Submit your use case or success story to the 2023 edition of the Dataiku Frontrunner Awards ENTER YOUR SUBMISSION

Non idempotent problem with variable expansions in recipe formula language

haoxian
Level 2
Non idempotent problem with variable expansions in recipe formula language

Hello, 

I am trying to use variable expansion to rename my clusters_label column and some date matching operations with formula. 

1. A same formula code works with the "group" recipe, but not formula in "prepare" recipe. 

2. The third way of accessing variables in formula of recipe are not idempotent.

 

${variable_name}, variables.variable_name, variable_name

 

 have different results. 

 

3. Spark engine outputs empty column while local stream has the correct output. 

Do you have any suggestion/solution on this? Thank you very much. 

PS: I have to use Spark(due to the data volume) and formula in recipe. 

0 Kudos
11 Replies
fchataigner2
Dataiker

Hi,

1) Can you share the formula, and where/how it's used in the various recipes

2) what are the different results? Note that using ${...} means you replace the value directly in the formula text, so it happens before evaluation (as opposed to the other 2)

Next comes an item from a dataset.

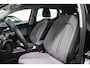 SEAT Leon 1.5 eTSI Style Business Intense DSG / Automaat / 5 jaar garantie / Apple carplay / Android auto /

3) is it with the formula of 1) ? or an unrelated recipe?

0 Kudos
haoxian
Level 2
Author

Hello, Thank you for you quick response. 

Example 1: 

Hereby the variable 

{
    "cluster_model_1_naming_mapping": [
        {"cluster": "cluster_outliers", "new_name": "HCA-BF-HP-BN"},
        {"cluster": "cluster_0", "new_name": "BCA-BF-BP-HN"},
        {"cluster": "cluster_1", "new_name": "BCA-BF-HP-BN"},
        {"cluster": "cluster_2", "new_name": "BCA-BF-BP-BN"},
        {"cluster": "cluster_3", "new_name": "BCA-HF-BP-BN"},
        {"cluster": "cluster_4", "new_name": "HCA-HF-BP-HN"},
        {"cluster": "cluster_5", "new_name": "MCA-BF-BP-BN"}
    ]
}

The formula used is 

filter(variables.cluster_model_1_naming_mapping, item, item["cluster"] == cluster_labels)[0]["new_name"]

Where cluster_labels is the output column of a KMeans model, whose values are "cluster_1", "cluster_2" .. and so on. 

With this formula, the normal engine works but Spark gives nothing. 

 

Example 2: 

For formula in group recipe 

(arrayContains(${precedent_years}, val('date_creation_order_year'))) 
&& (arrayContains(${trimesters_to_analyse}, trimester))

with variables

{
    "precedent_year": [2018, 2019], 
    "trimesters_to_analyse": [2, 3]
}

This works well in group recipe pre-filter formula but not for the prepare recipe formula. 

Simply I want to filter the lines with the correct year in the range and the correct range of trimester. 

I am thinking that this may be because of the non-idempotent problem of retrieving values of variables expansion. 

 

Thank you

0 Kudos
fchataigner2
Dataiker

for the Spark issue, indeed in Spark variables are not available via the `variables` object. You need to use `parseJson(${cluster_model_1_naming_mapping})` instead

The second issue is more puzzling. Can you show the step of the Prepare recipe where you use the formula?

0 Kudos
haoxian
Level 2
Author

For Spark issue, the editor of formula gives me this error: 

Formula is invalid : Incorrect formula: 'filter(parseJson([{"cluster":"cluster_outliers","new_name":"HCA-BF-HP-BN"},{"cluster":"cluster_0","new_name":"BCA-BF-BP-HN"},{"cluster":"cluster_1","new_name":"BCA-BF-HP-BN"},{"cluster":"cluster_2","new_name":"BCA-BF-BP-BN"},{"cluster":"cluster_3","new_name":"BCA-HF-BP-BN"},{"cluster":"cluster_4","new_name":"HCA-HF-BP-HN"},{"cluster":"cluster_5","new_name":"MCA-BF-BP-BN"}]), item, item["cluster"] == cluster_labels)[0]["new_name"]' : Missing number, string, identifier, regex, or parenthesized expression(Parsing error at offset 18)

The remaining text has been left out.